An Introduction of Shell sort, and a match with Insertion Sort.
For an introduction of Insertion sort, see here.
Optimizing for n=10
For a list of size 10, the gaps can be any number 1,2,….,9, and the sequence must end with 1. So each of the gaps 2,3,…,9 can be included in the sequence, or not included. So there’s a total of 2^8=256 possible gap sequences. For each we checked the average number of comparisons for all possible 10!=3628800 permutations.
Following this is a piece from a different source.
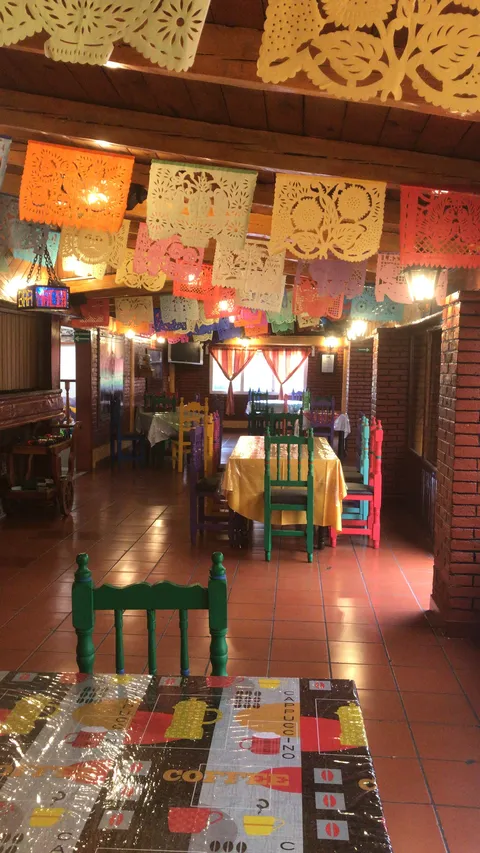 Las Tejas image 1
Here are the 3 best sequences:
9-6-1: 25.512 comparisons
4-1: 25.516 comparisons
6-1: 25.539 comparisons
We could have also checked which has the highest probability of performing less comparisons than insertion sort. Here are the top 3 in this respect:
4-1: prob=0.72
9-4-1: prob=0.704
6-1: prob=0.701
Analyzing Shell sort variants
Say we start with the same permutation as shown in the beginning of the video, and use the gap-sequence 3-2-1. That is, the robot will sort with gaps of 3, then with gaps of 2. Just before concluding with an ordinary insertion sort, the list looks like this:
As you can see, each element is at most one hop away from its correct position. This is provably the case after sorting with gaps of 3 and 2. Here’s why.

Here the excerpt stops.